L’interismo di Conte e la juventinità di Mourinho
Mourinho si dice pronto a tornare in Italia su un’altra panchina: siamo pronti allo scontro finale dove i simboli si scambiano la casacca?
C’era una volta una storia fatta di eroi e condottieri, con quest’ultimi alla guida di uomini pronti a dare la vita per seguirli e difendere l’onore del proprio popolo. La narrazione “popolare” del calcio non è poi così diversa da quella dei poemi epici; ai tifosi da sempre piace immaginare la propria squadra come un gruppo di eroi pronti a dar battaglia per i colori che amano. In questo contesto, gli allenatori prendono le sembianze di moderni Leonida, il mitico condottiero spartano che con un pugno di soldati difese la sua terra dall’avanzata del gigantesco esercito persiano.
Il calcio però è un’altra cosa, e così può succedere che il Leonida ti turno deponga spada e scudo per indossare le effigi dell’odiato nemico. Il caso più eclatante, negli ultimi anni, è sicuramente quello di Antonio Conte: condottiero della rinascita bianconera che, ormai due anni fa, decise di vestirsi dei colori del cielo e della notte.
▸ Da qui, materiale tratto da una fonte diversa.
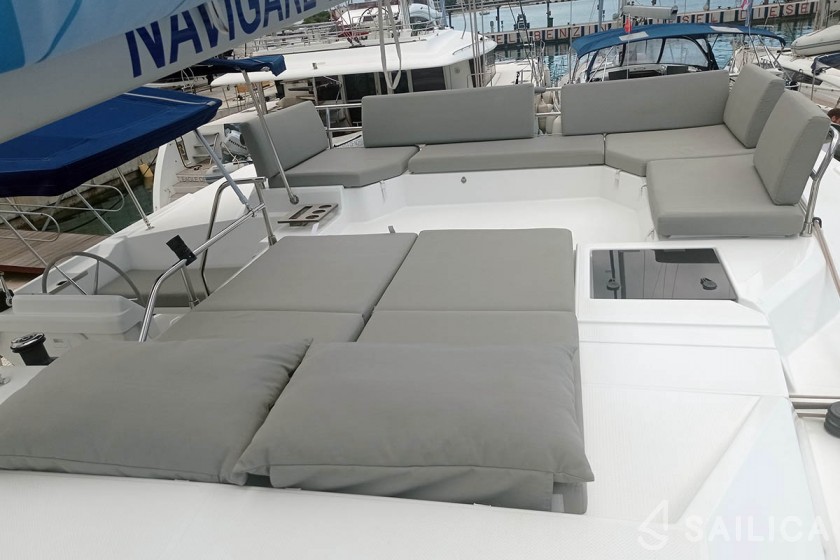 Elba 45 - Yacht Charter Sailica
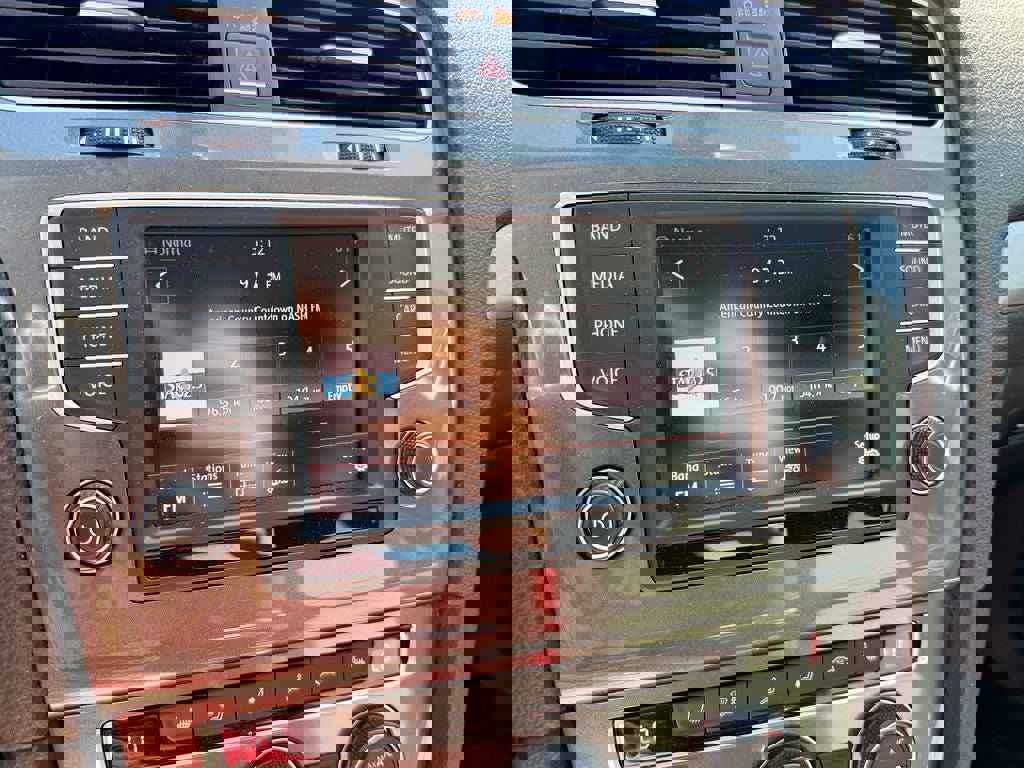 Used 2016 Volkswagen e-Golf SE w/ DC Fast Charging Package FWD image 24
Così come in guerra, anche nel calcio sono i risultati a far la fortuna dei condottieri, e il generale leccese ci mise poco ad entrare nei cuori dei suoi nuovi tifosi, che adesso lo amano per aver riscritto la storia della Milano nerazzurra.
Un altro condottiero, José Mourinho da Setubal, in una recente intervista al Times ha confessato di essere pronto a tornare in Italia, anche in una piazza storicamente rivale a quella interista, che tutt’oggi lo venera alla stregua di un dio. Al momento si tratta solo di una possibilità, il tradimento non è stato ancora consumato ma, nel caso, potremmo davvero parlare di tradimento?
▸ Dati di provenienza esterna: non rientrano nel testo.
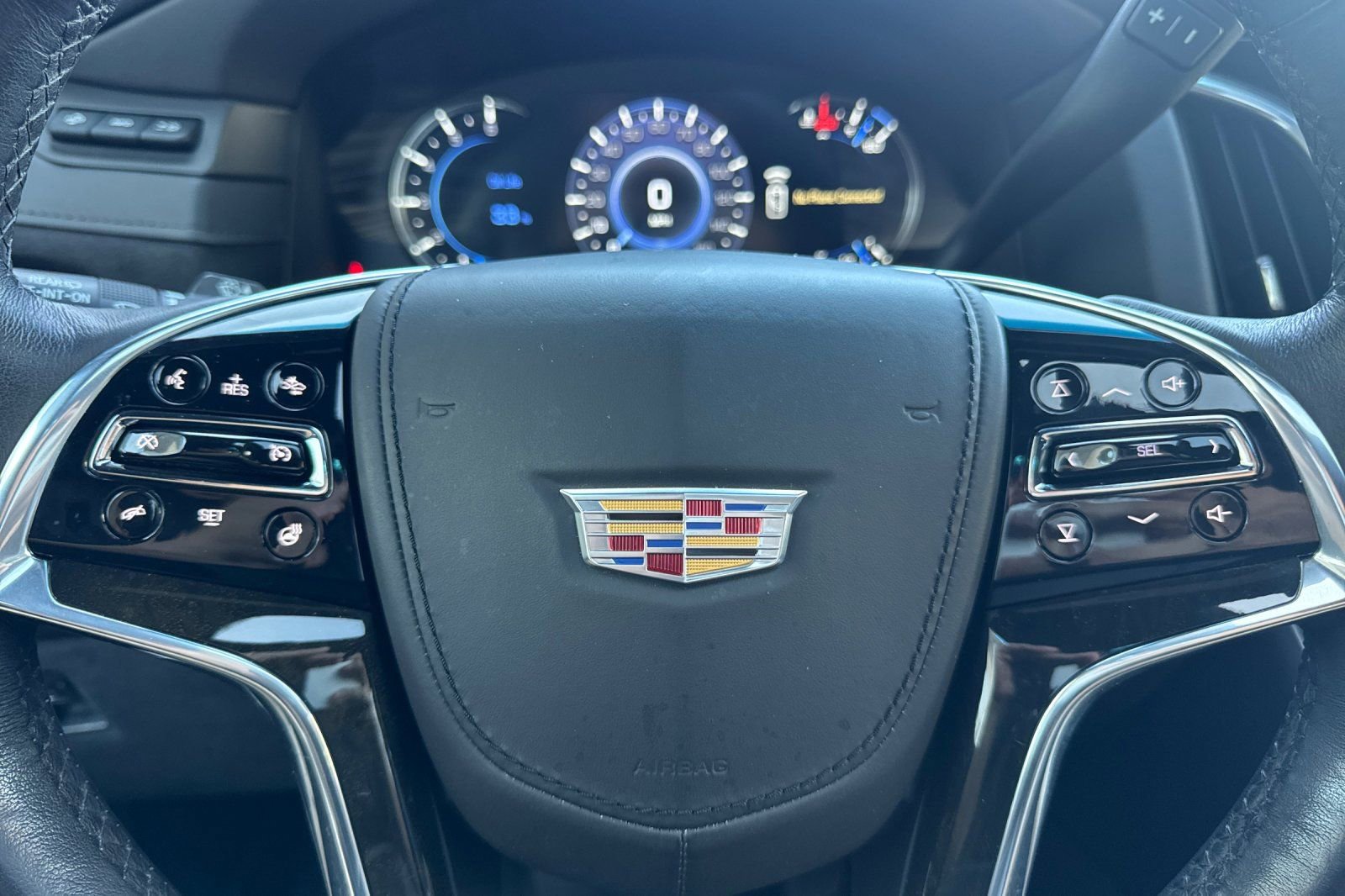Used 2019 Cadillac Escalade ESV Platinum image 37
Il discorso è sempre lo stesso: è giusto che l’emotività dei tifosi influenzi le scelte professionali di uomini che amano il calcio e non una bandiera in particolare? Chi scrive pensa di no, anzi. La sola ipotesi di un futuro scontro a maglie invertite di questi due uomini mi lascia in bocca un retrogusto dolciastro, fatto di sentimenti contrastanti ma allo stesso tempo piacevoli. Ci troveremmo difronte ad una sorta di spin-off del genere epico, dove i principali protagonisti di due sponde opposte si scambiano la casacca, dando vita a scenari ancora inesplorati nella narrativa di questo sport.
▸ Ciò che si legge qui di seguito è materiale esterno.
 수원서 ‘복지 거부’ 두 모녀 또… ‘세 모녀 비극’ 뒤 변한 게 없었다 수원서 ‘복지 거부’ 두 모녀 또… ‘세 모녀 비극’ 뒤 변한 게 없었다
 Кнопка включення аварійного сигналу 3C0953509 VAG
I tifosi se ne faranno una ragione: d’altronde la storia non verrà mai cancellata, così come i momenti felici in compagnia degli uomini che l’hanno scritta. E alla fine, l’importante per noi è che alla guida delle nostre squadre ci siano personaggi pronti a difendere fino alla morte (sportiva) i colori che amiamo, seppur per un lasso breve di tempo. Un giorno racconteremo ai nostri nipoti dell’Inter di Mourinho e della Juve di Conte, e anche dell’Inter di Conte e forse della Juve di Mourinho, e i ricordi delle gesta di queste squadre non saranno scalfiti dal cambio di casacca dei condottieri: perché, alla fine, il nostro amore va ai colori che decidiamo di sostenere; non agli uomini, che sono solo di passaggio.